With this in mind, how can we restore some semblance of rationality? The first logical answer is to not be hasty towards conclusions. This is good advice, but quite well known and, therefore, boring. At some point for some issues we will inevitably be forced to reach a conclusion. No matter how well thought-through the process of acceptance, according to the ownership bias theory, the end result will be a disproportionate assignment of value to the idea's merit, validity, truth, etc. However, it does stand to reason that on issues where one is relatively uninformed the best policy may be not to reach a conclusion.

Upon reaching a conclusion, a good technique may be to take inventory of the likely truth of your ideas. Assign some sort of probability toward their correctness. It seems that when most utilize this advice they come up with a distribution where a 99% probability is reserved for those ideas of the utmost certainty and a 51% percent probability reserved for issues of a tenuous nature. However, this would only apply to simpler true false questions, where there are only two options. It is important to note that for real world issues there will be infinitely many possible solutions. It is only through the correct framing (e.g. will the human race become extinct in the next 100 years?) that the problem can be circumvented. But this framing often removes much of the importance of the initial inquiry.
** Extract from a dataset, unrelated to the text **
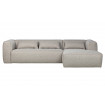 BEAN - Right corner sofa 5 seats brown eco leather L305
The point is that when you consider the probability that your view is correct think of all the possible alternatives. It may be very realistic to hold a 5% chance that your view is correct. This may be a view you have thought very long and hard about. You may be relatively more confident in your correctness on this issue than most of the conclusions you indulge. However, given the complexity of the problem, it is very likely that you are wrong (95% chance). Yet the view you have chosen remains the most likely winner of all possible candidates.

Without resisting the urge to wildly speculate, 5% seems a much more realistic probability than 51% on many social science questions (and the 5% may not even be a relatively tenuous position as the 51% was).

Whether this type of "realistic" probability distribution assignment has the power to overcome the endowment effect or ownership bias, is a question I will not answer.